PROBLEM TO SOLVE -
Only one stretch of the data should be retyped: the lines from the line containing "Car infotainment system's" through the line containing "Customer reading the". Keep pictures out of it.

========================================================================

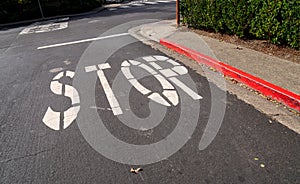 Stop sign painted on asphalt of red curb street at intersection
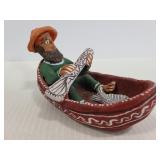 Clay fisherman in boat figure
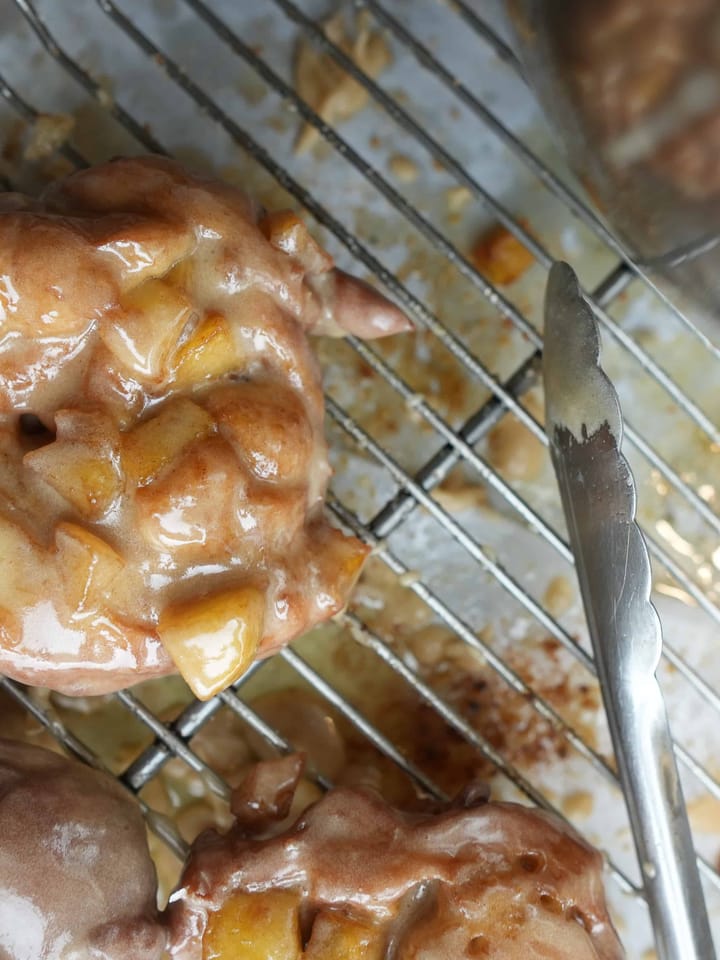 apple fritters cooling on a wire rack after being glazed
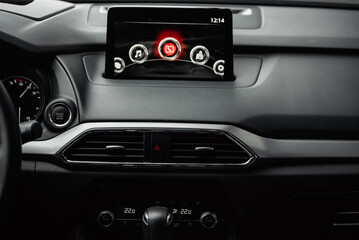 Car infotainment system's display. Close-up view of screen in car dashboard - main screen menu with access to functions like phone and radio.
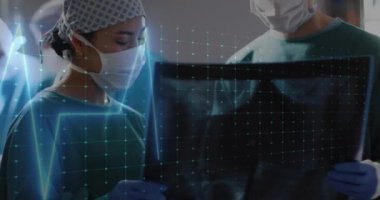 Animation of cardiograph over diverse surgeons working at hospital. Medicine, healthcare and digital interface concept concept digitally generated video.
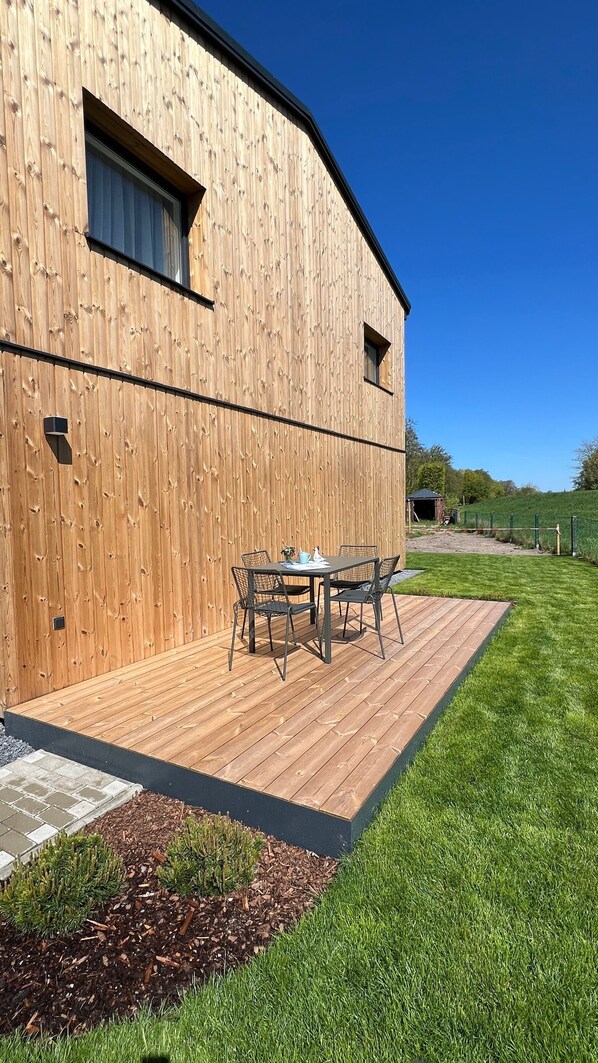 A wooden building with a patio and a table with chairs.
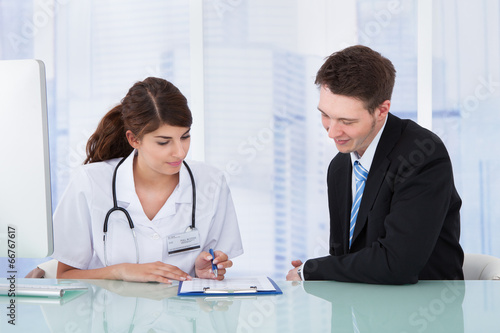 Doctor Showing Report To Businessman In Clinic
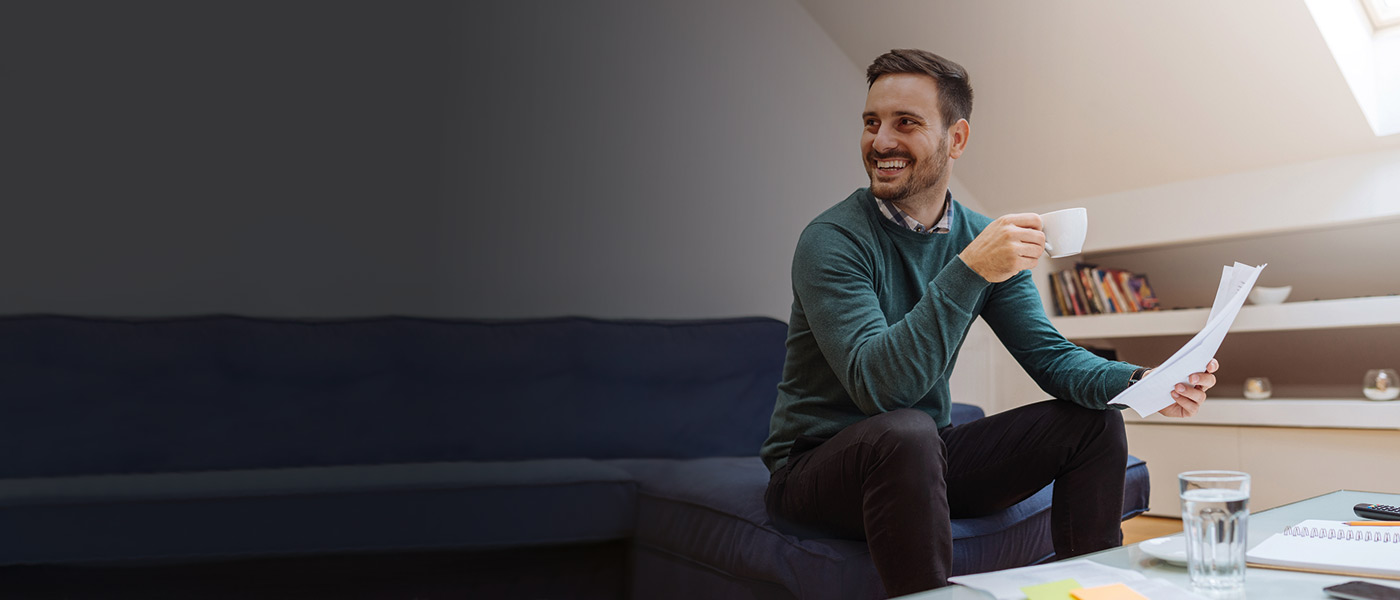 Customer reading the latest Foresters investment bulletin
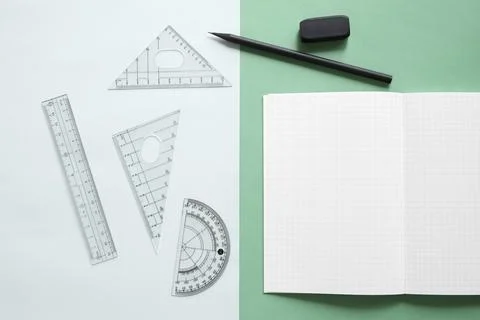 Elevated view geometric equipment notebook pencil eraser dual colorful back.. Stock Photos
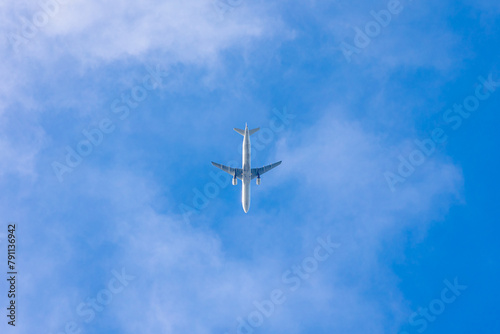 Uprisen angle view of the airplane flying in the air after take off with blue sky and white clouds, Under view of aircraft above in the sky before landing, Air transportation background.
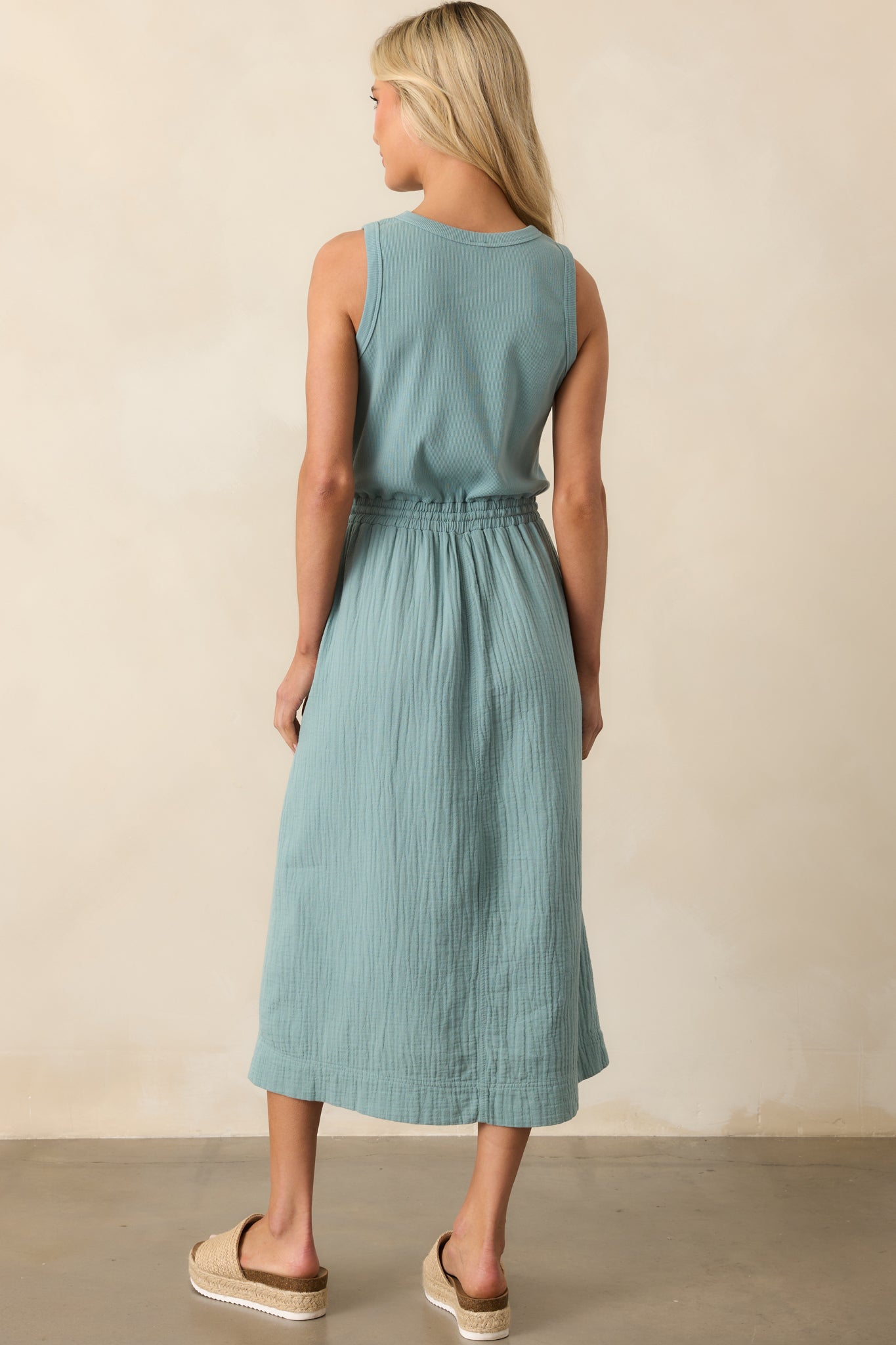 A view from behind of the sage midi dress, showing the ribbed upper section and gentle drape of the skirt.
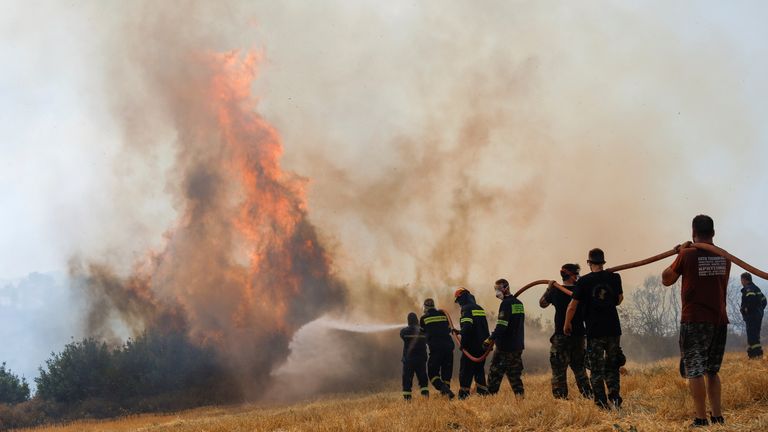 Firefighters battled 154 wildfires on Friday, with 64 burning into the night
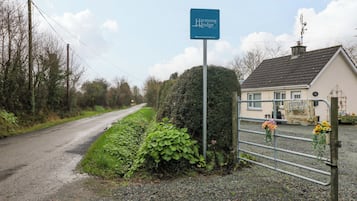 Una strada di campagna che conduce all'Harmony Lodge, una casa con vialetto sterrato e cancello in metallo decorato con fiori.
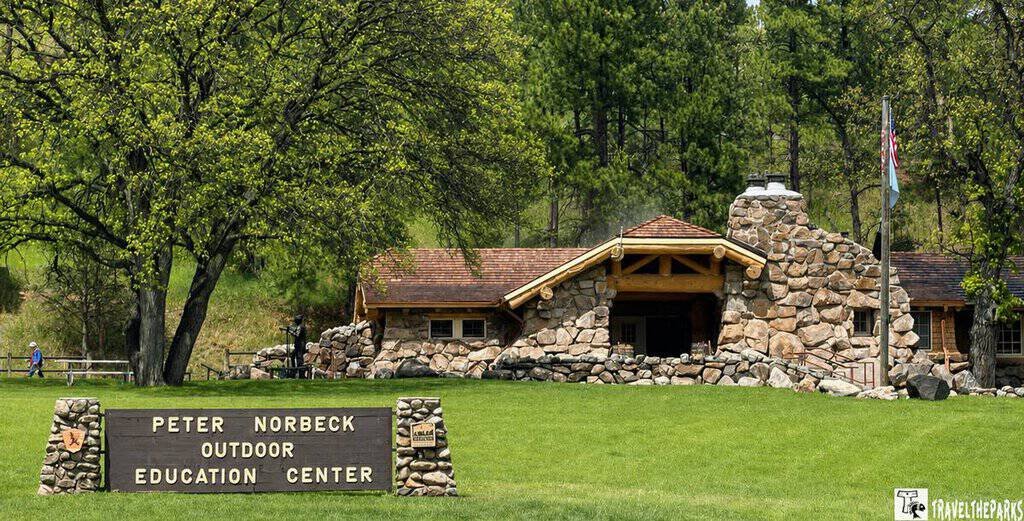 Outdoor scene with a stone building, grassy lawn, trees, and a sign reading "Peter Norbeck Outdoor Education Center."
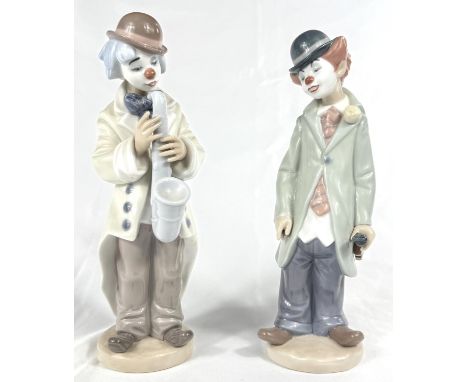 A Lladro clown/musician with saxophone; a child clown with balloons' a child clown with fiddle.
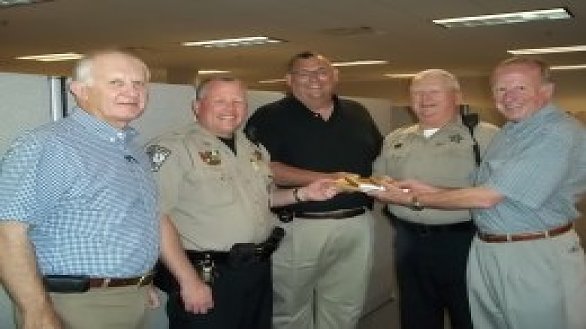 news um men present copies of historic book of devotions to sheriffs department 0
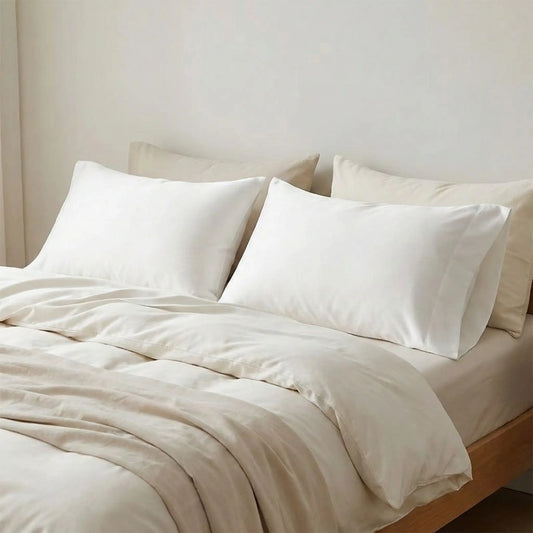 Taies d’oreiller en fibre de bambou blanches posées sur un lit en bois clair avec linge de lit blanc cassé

========================================================================

RESULT -
 Car infotainment system's display. Close-up view of screen in car dashboard - main screen menu with access to functions like phone and radio.
 Animation of cardiograph over diverse surgeons working at hospital. Medicine, healthcare and digital interface concept concept digitally generated video.
 A wooden building with a patio and a table with chairs.
 Doctor Showing Report To Businessman In Clinic
 Customer reading the latest Foresters investment bulletin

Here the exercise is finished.